Enter your location or allow geolocation - the calculator uses your local sunrise and sunset to compute the exact hour lengths for today. Daytime hours run from sunrise to sunset (twelve hours, each a different length depending on season); nighttime hours from sunset to sunrise. The first hour of each day is ruled by that day's namesake planet. The sequence cycles through all seven from there.

Understanding your result

The calculator shows you the current planetary hour, the ruling planet, and what that planet governs - along with a brief on the hours ahead and which hours today are best suited for specific kinds of work. Mercury hours favor writing, negotiation, and quick decisions. Jupiter hours suit expansion, generosity, and long-range planning. Mars hours are better for physical effort or cutting through something stuck.
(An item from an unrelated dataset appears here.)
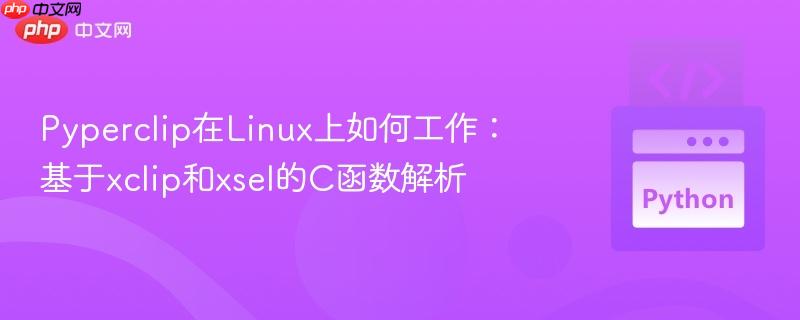 Pyperclip在Linux上如何工作：基于xclip和xsel的C函数解析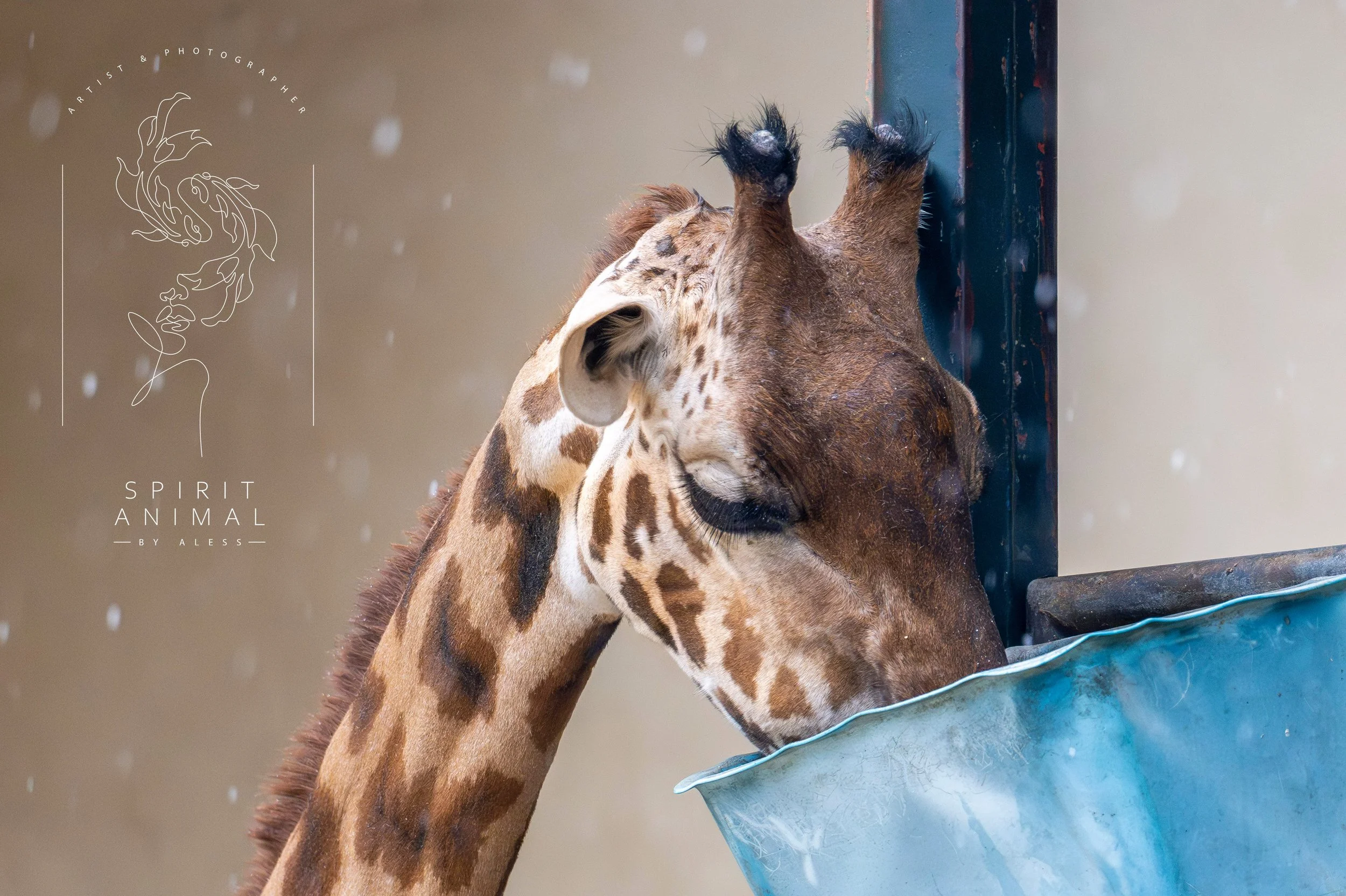 Giraffe trinkt Wasser aus einem blauen Behälter in einem Zoo, es schneit, Fotografie von SPIRIT ANIMAL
The chart gives you the day's full sequence so you can plan forward.

Frequently asked questions

Why are planetary hours unequal in length?

Because they're calculated from actual sunrise and sunset, not clock time. In summer at northern latitudes, daytime hours are longer than nighttime hours and vice versa. Seasonal variation is built in.

Which tradition does this calculation follow?

The Chaldean order of the planets (Saturn, Jupiter, Mars, Sun, Venus, Mercury, Moon), which is the system used in Hellenistic and Renaissance astrological magic and in most Western esoteric traditions that work with planetary timing.

Do I need to be an astrologer to use this?

No. The tool labels what each hour is good for. You don't need to know your natal chart - just your location and what you're trying to do.

Should I plan everything around planetary hours?

Traditional practitioners use them as one layer of timing among several. Useful input, not a governing rulebook. Treat them as weather rather than law.